Saturday, July 7, 2012

2012 Clergy Laity

     Last week, I had the pleasure of assisting Catherine Varkas in exhibiting her course, Orthodox Christian Spiritual Formation, at the 2012 Clergy-Laity Congress of the Greek Orthodox Archdiocese of America.

     We enjoyed meeting a number of priests, educators, parents, and representatives of Greek Orthodox churches from around the country. They shared stories of their children and their parishes, relating both the good and the bad that they've seen, and they shared with us in our desire for an approach to teaching the Faith to our young children that truly transmits the beauty and essence of our Faith.
     Our particular approach to transmitting the beauty and essence of Orthodoxy to the young children (3-6 year olds) is based pedagogically on the methodology and observations of Maria Montessori and Sophia Cavaletti, theologically on the teachings of the Fathers of the Orthodox Church, and has been refined over the years by Catherine's dedication to the child and to the Church.
     My task at the congress was to relay who Orthodox Christian Spiritual Formation is, what our curriculum includes, where we're located, etc, of course, over the course of the few days we were there, I began to feel like something of a broken record, as I pretty much recited the same little speech in some fashion to everyone who approached us.
     It went a little something like this:

"We're a teacher education center that provides teacher training for Sunday School, preschool, kindergarten and homeschool teachers. It's a hands on, experienced based approach to teaching the Faith to young children. This curriculum is a three year curriculum for 3-6 year olds that basically groups preschoolers and kindergartners together and works in the context of a once a week Sunday School classroom or daily preschool or homeschool setting. We offer a course at Hellenic College every June. It's 90 hours spread across 10 days, and it teaches how to interact with the young child and how to give every presentation that the 3 year curriculum contains. If there's a demand for it in your parish or metropolis, we can also come to you."

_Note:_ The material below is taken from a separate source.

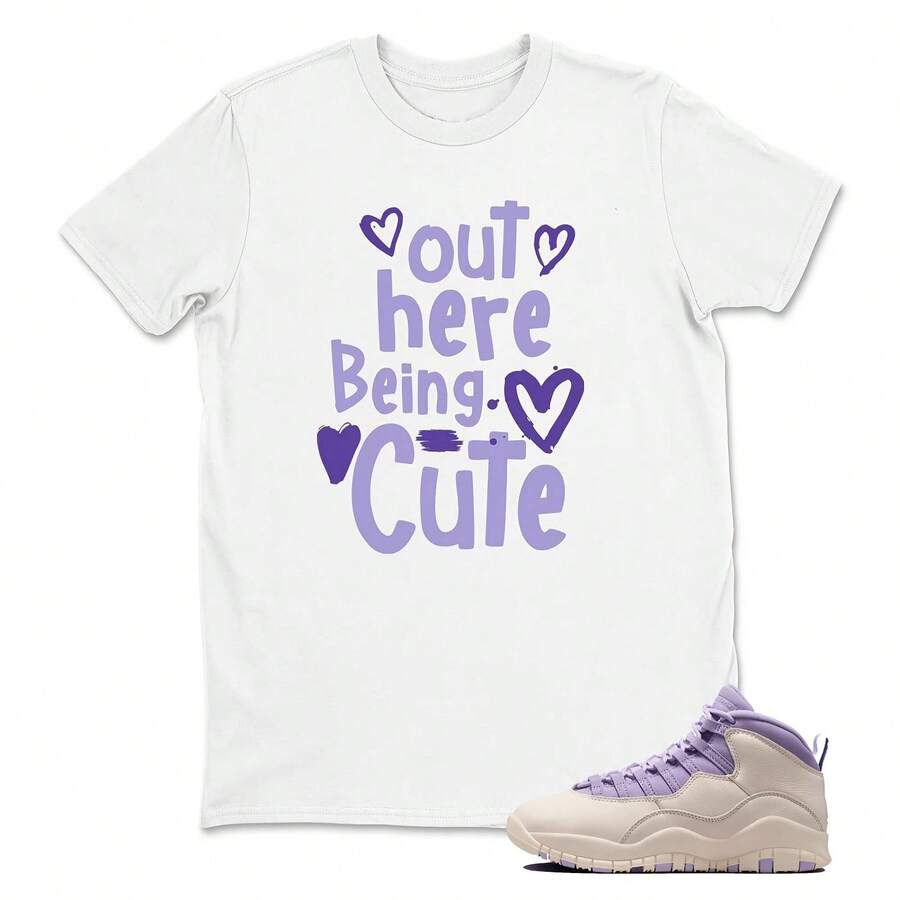 Camiseta a juego con 10 hortensias Chalk Wild, Out here Being Cute, ideal como regalo, ropa para adultos y niños, sudadera con capucha y 10 hortensias. - forma - Ver 1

     If the person engaged in a conversation with me, I usually got around to sharing how it's also a catechism for adults because in order to teach the Faith, especially to young, impressionable children who retain everything they hear and see, you have to really know what you're talking about beyond what you're actually saying.
     For example, in my previous post about the boy who wanted to go to the Mystical Supper, if the teacher hadn't understood that the Holy Communion works outside of time and is truly the Mystical Supper, she wouldn't have been able to respond to his statement the way that she did. He wouldn't have come to that realization and understanding that brought him so much joy.

     I also liked to share how when I work with the children, sometimes they end up giving me a much deeper understanding of the Faith than I was trying to give to them.
     And wouldn't you know, it happened at the Congress.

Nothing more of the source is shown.